From data engineering to full stack application, the languages that you need. Getting started, and curated learning resources.
Introduction
Getting to advanced GIS means doing programming. It is inevitable. It is just way easier when you know how to script some code. For instance, creating a custom plugin for your QGIS, or adapting an already existing plugin, creating a ribbon tool in ArcGIS Pro and many more. Usually new programmers ask themselves: “which programming language should I employ?” The answer is it depends on what you want to build. In the case of GIS, the prevalent ones that most people will use are Javascript and Python.
Python has been my best friend for some years now. It has accelerated my career as a transport and urban planning consultant and contributed to major transportation infrastructure development programmes. The fact that it is free is just immensely impressive. In this article I will share why it is my best friend.
The other language is Javascript. Javascript is very tempting to be ridiculed because of the syntax, and this has been the joke in r/programminghumors. Jokes aside, it is an amazing language that allows our browsers to interact with us. Syntax wise I think it is weird; despite that, it is so powerful. In this article, let’s explore how Javascript adds value in spatial data science practice.
Finally, HTML, despite not being mentioned in the title, plays a crucial role in tying things together. You need to present data and this is how you present it. It is the file in your web browser; it is the web page that you are looking at right now.

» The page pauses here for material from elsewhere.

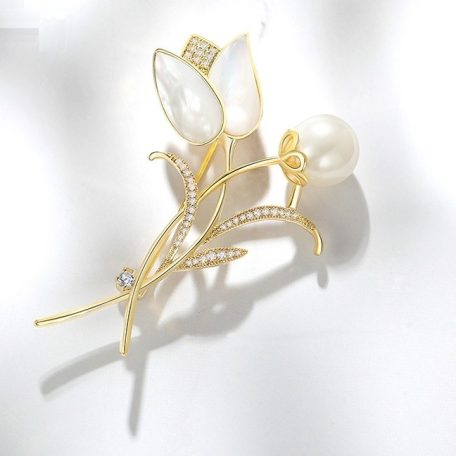 Arannyal bevont tulipán bross kagylóhéj díszítéssel és CZ  kristályokkal (0038.)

Compiled vs. Interpreted Languages
Before we go into the languages, it is important to understand the two categories of programming languages: compiled and interpreted.
In brief:
- Compiled language: code written in a text editor is converted by software into an executable file (usually ending with
.exeon Windows). We cannot use the source files themselves; what we use is the compiled executable. - Interpreted language: code is executed line-by-line by another executable file called the interpreter. Python and Javascript are in this category.
Python and Javascript both require an interpreter to be installed before running any code. For Python, that is the Python interpreter. For Javascript, it is NodeJS, or the browser you are using right now.
Code is just a bunch of text files. What matters is that it can be read and executed by the interpreter.
Python
Python is a general purpose programming language that can do almost anything. It is often compared to R, however, if you are going to dwell in spatial data science, I recommend settling with Python. This is because of its flexibility: it can connect to a vast ecosystem of modules. R is much more optimised for academic and statistical work. But if you are making an ArcGIS or QGIS plugin, you will not be writing it in R.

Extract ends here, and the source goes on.